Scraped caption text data

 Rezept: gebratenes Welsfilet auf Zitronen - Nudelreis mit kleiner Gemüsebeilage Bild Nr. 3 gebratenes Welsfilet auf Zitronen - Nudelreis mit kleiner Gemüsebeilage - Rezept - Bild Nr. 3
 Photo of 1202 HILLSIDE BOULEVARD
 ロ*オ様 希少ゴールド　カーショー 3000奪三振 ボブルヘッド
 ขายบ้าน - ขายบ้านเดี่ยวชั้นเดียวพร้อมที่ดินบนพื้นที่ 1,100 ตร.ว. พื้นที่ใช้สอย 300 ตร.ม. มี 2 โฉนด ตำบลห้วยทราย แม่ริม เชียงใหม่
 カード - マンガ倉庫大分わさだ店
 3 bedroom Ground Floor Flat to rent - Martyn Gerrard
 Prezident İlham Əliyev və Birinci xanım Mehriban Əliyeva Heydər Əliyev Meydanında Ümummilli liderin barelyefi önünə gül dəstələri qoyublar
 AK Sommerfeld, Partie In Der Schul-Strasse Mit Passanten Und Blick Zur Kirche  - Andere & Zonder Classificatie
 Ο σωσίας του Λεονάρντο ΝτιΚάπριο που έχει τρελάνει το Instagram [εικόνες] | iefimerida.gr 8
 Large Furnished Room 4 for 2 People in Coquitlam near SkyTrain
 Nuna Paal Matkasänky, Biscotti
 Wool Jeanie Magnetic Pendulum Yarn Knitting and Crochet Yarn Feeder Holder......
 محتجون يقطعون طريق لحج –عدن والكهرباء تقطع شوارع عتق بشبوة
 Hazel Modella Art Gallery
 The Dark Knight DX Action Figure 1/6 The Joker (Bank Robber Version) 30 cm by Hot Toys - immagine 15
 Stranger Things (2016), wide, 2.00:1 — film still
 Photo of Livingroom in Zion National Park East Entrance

INSTRUCTIONS FOR THE TASK:
Find the lines above that contain the string "Photo" and answer with how many there are, nothing else.

COMPLETED EXERCISE:
2